Sofonisba Anguissola
Artimisia Gentileschi
Tamara Lempicka
Marisol
Emily Carr

All of these are "big league" artists everyone should know as well as Pablo Picasso or Leonardo Da Vinci. I spent seven years in art school and still had to google three of their names.
posted by Sys Rq at 1:13 PM on March 1, 2017 [2 favorites]


Berthe Morisot
Sofonisba Anguissola
Lavinia Fontana
Clara Peeters (who recently was the first woman to have a solo exhibition at El Prado)
Angelica Kauffman
Maria Cosway
posted by sukeban at 1:14 PM on March 1, 2017 [1 favorite]


There's also a great three part documentary with Amanda Vickery, The Story of Women and Art (part one / part two/ part three)
posted by sukeban at 1:18 PM on March 1, 2017 [3 favorites]


My husband and I play a game at museums: "how many artworks does it take to find a woman artist?"

Some museums it's the first room and not that many artworks in.

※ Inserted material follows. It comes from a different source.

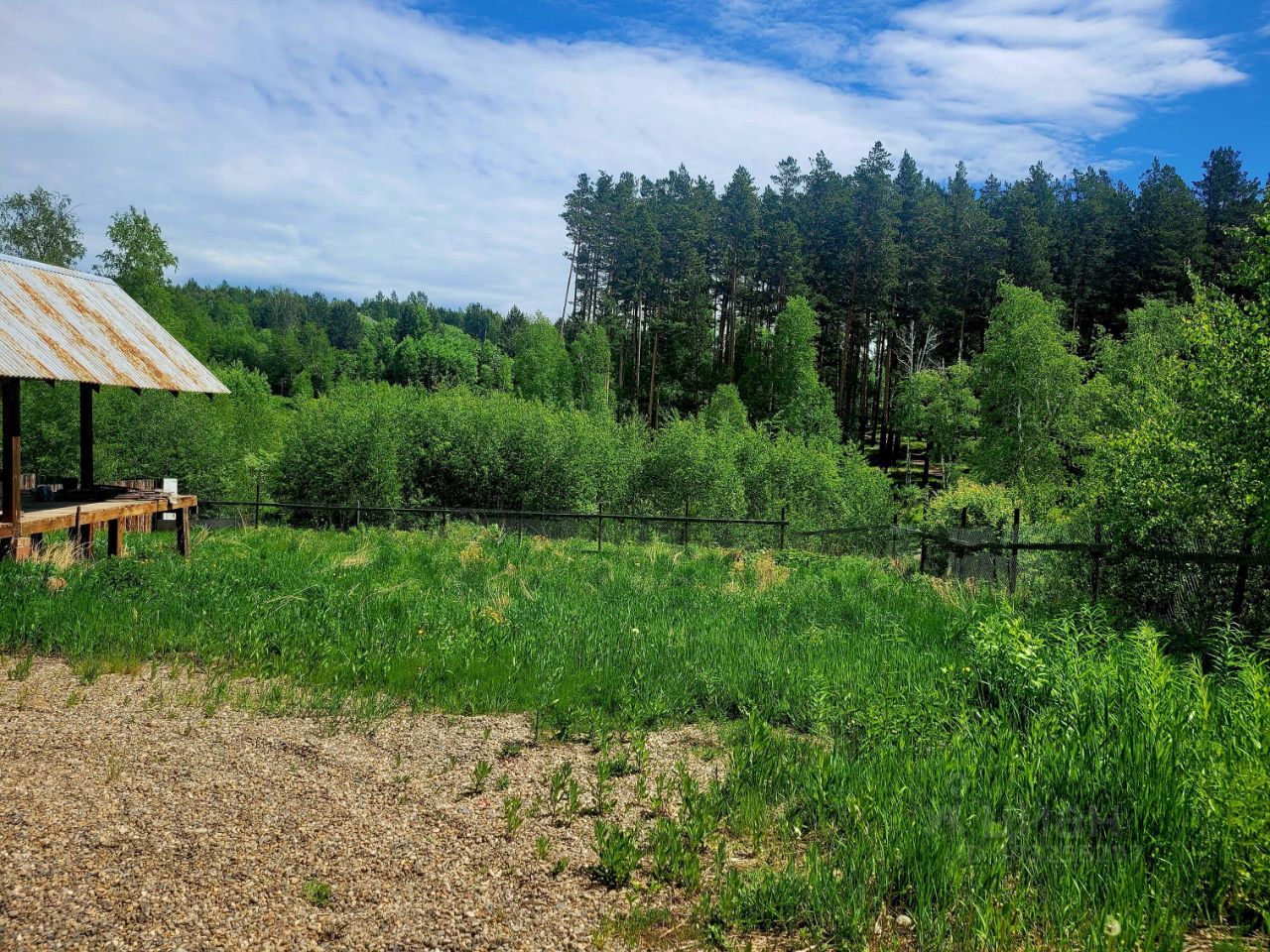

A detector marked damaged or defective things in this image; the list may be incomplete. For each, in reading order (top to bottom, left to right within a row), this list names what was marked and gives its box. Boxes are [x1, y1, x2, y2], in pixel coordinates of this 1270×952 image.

rusty corrugated roof [0, 253, 226, 395]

But in far too many of the museums we can't even count anymore, but it's been a Lot of rooms.

Which reminds me that I was embarrassingly old when I found out that Joan Miro wasn't a woman, and remarkably disappointed, because I'd been so excited to see "her" in so many museums.
posted by ldthomps at 1:21 PM on March 1, 2017 [3 favorites]


Tara Donovan is f-ing awesome.
posted by leotrotsky at 1:23 PM on March 1, 2017 [2 favorites]

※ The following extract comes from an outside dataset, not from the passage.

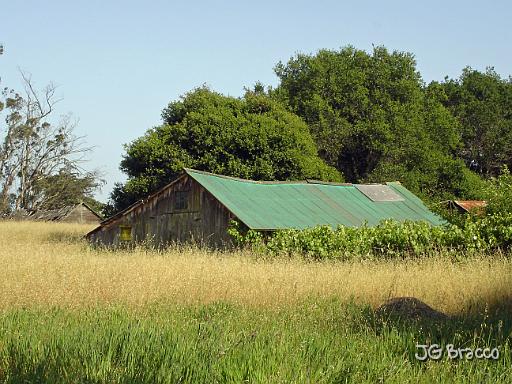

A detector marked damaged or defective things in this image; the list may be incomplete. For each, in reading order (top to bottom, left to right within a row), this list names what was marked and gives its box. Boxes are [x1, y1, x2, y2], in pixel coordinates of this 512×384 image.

rusty metal roof panel [185, 170, 444, 230]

Jay DeFeo, who thrived in the male dominated (so what else is new) Beat scene.

Leonora Carrington, surrealist

Laurie Anderson also does visual art and she's invented instruments & techniques. MacArthur Genius grant winner.

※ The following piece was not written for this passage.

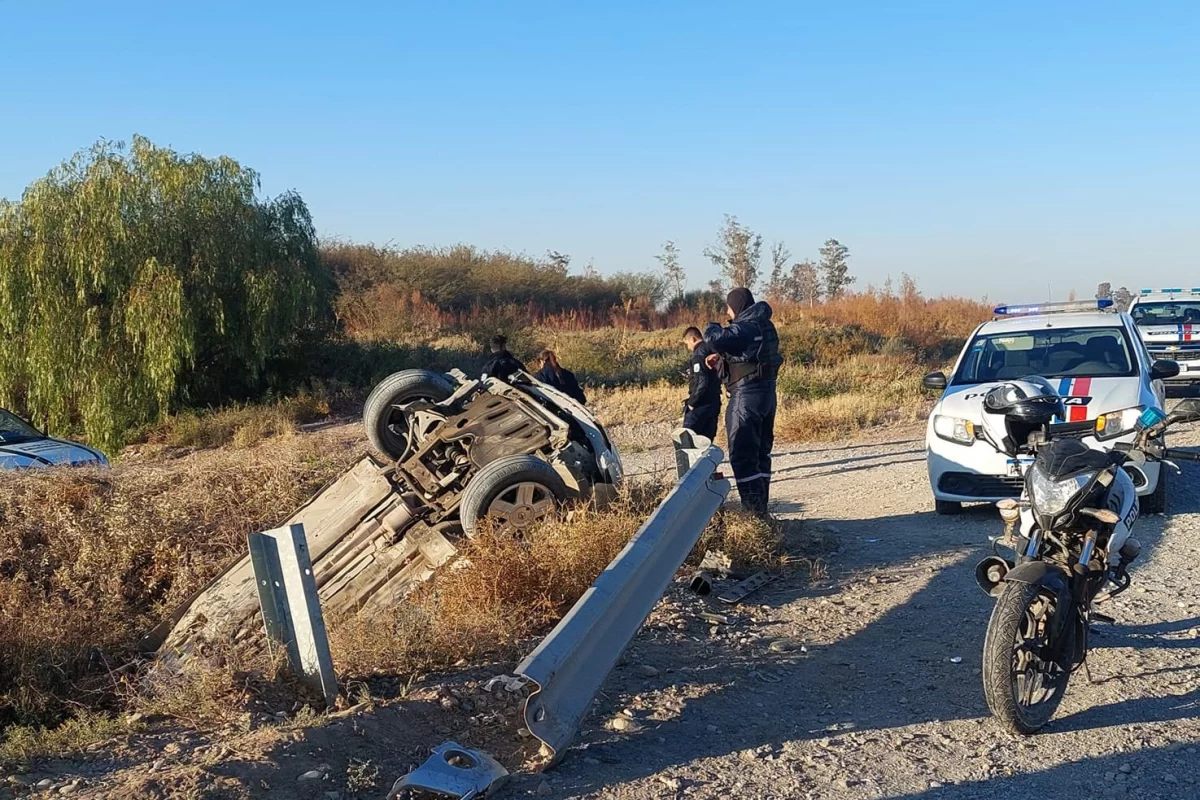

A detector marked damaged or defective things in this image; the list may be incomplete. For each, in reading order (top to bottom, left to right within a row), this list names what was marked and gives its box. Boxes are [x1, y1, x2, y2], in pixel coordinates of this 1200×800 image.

overturned car [145, 368, 624, 656]
overturned car [364, 368, 624, 536]
damaged guardrail [512, 428, 728, 764]
bent metal barrier [516, 428, 732, 764]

Lynn Hershman Leeson, multimedia, film director, former professor at my alma mater (school pride!)

Little surprised that Maya Lin hasn't come up, her memorial is probably the most famous one I know of.

Eleanor Antin, performance and conceptual art

Not famous (bookart generally doesn't get taken too seriously) but a favorite of mine Dorothy Simpson Krause.

Also props to Jenny Holzer.
posted by GospelofWesleyWillis at 1:25 PM on March 1, 2017 [5 favorites]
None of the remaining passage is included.